What is needed: The answer must be an exact copy of the lines from the one containing "Used 2024 Chevrolet" through the end of the records, with the pictures left out.

*** Opening Supplied data ***

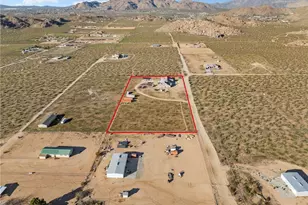 13850 Night Shade Rd, Apple Valley, CA 92307 - Photo 7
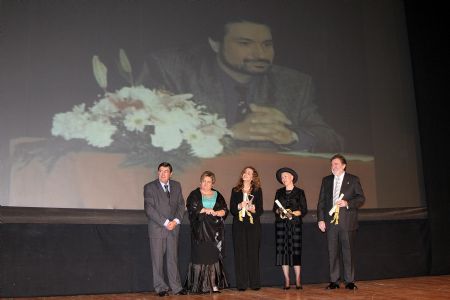 EL AYUNTAMIENTO DE JUMILLA Y AGUAS DE JUMILLA RECOGIERON SU PREMIO AL COMPROMISO SOCIAL 2008 
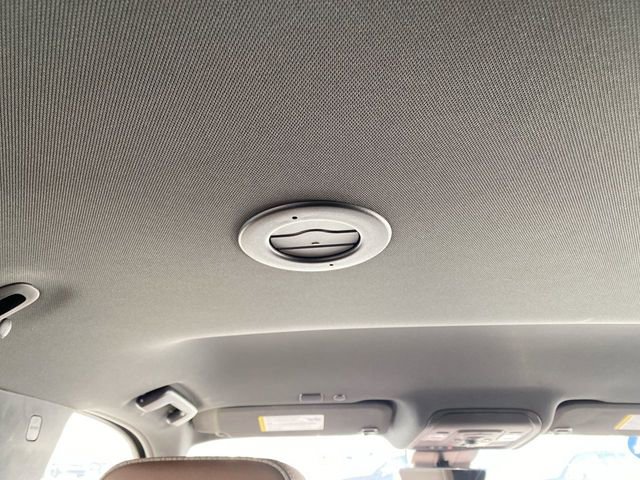 Used 2024 Chevrolet Suburban High Country w/ Max Trailering Package image 20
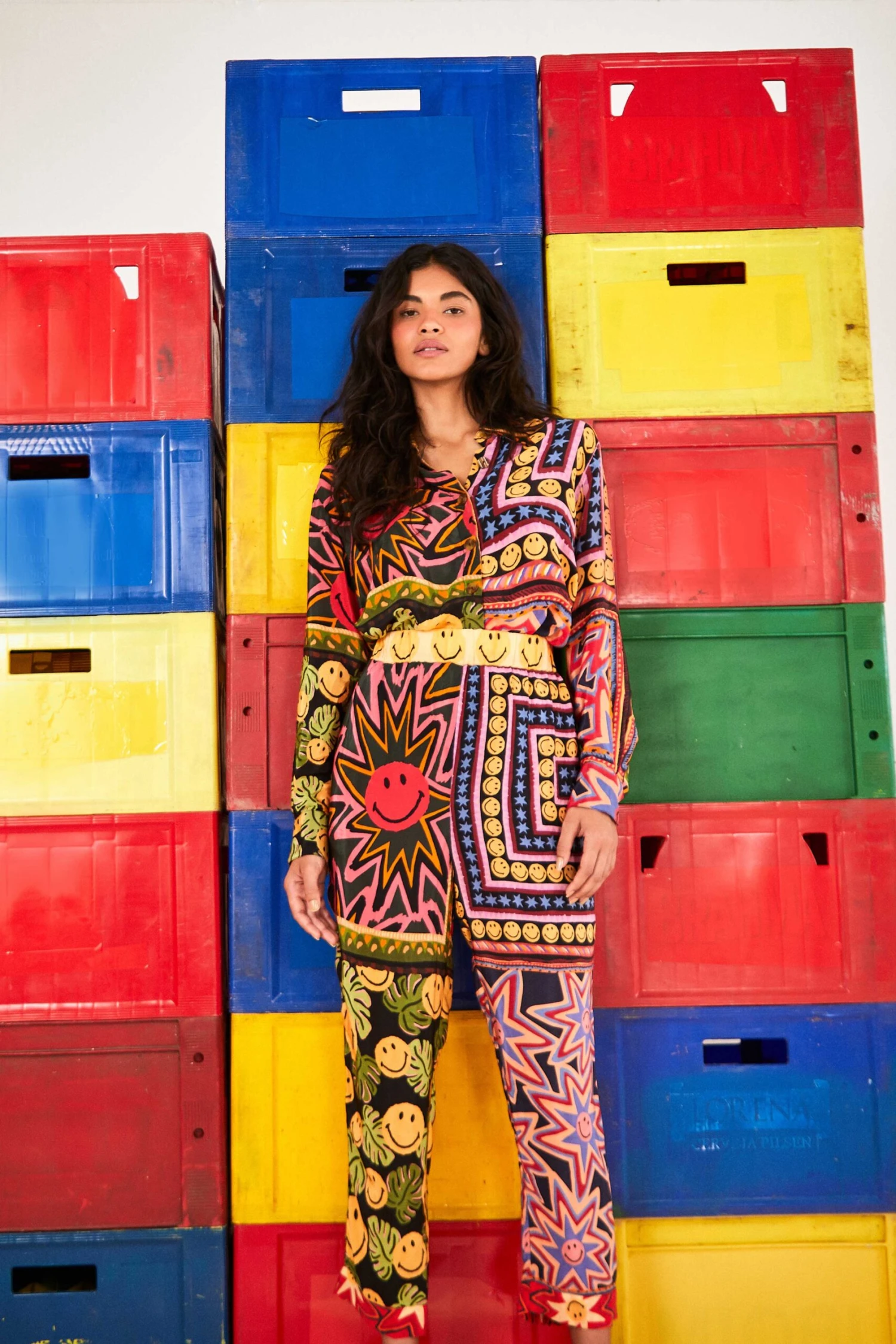 Farm Rio Patchwork Tapestry Smiley® Pants 5 Farm Rio Patchwork Tapestry Smiley® Pants - Image 3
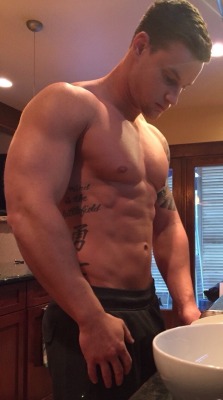 pec-men:  pec-men.tumblr.com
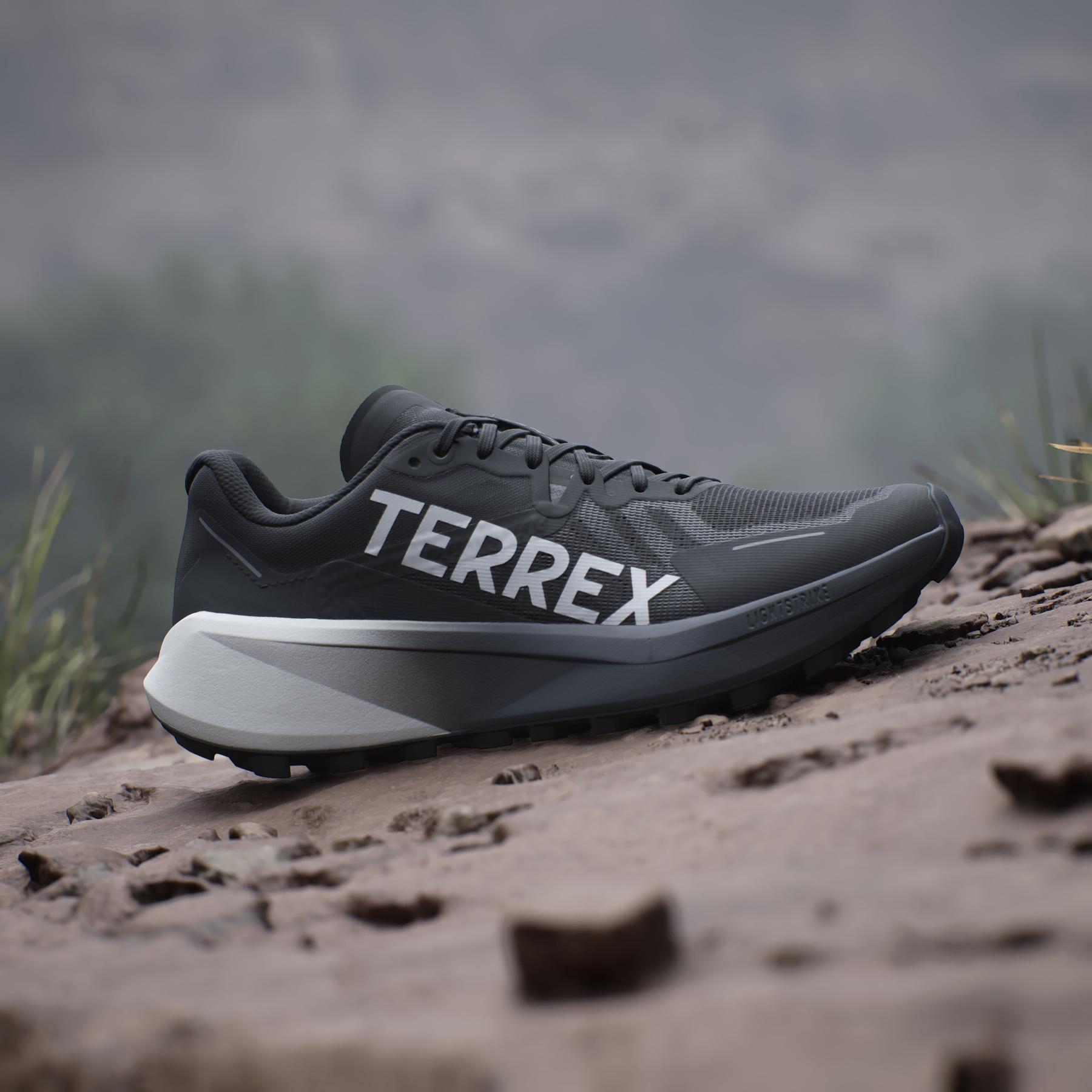 product/a/d/adidas_ie0813_16_footwear_photography_heromrktng_view_3.jpg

*** Closing Supplied data ***

Expected answer:
 Used 2024 Chevrolet Suburban High Country w/ Max Trailering Package image 20
 Farm Rio Patchwork Tapestry Smiley® Pants 5 Farm Rio Patchwork Tapestry Smiley® Pants - Image 3
 pec-men:  pec-men.tumblr.com
 product/a/d/adidas_ie0813_16_footwear_photography_heromrktng_view_3.jpg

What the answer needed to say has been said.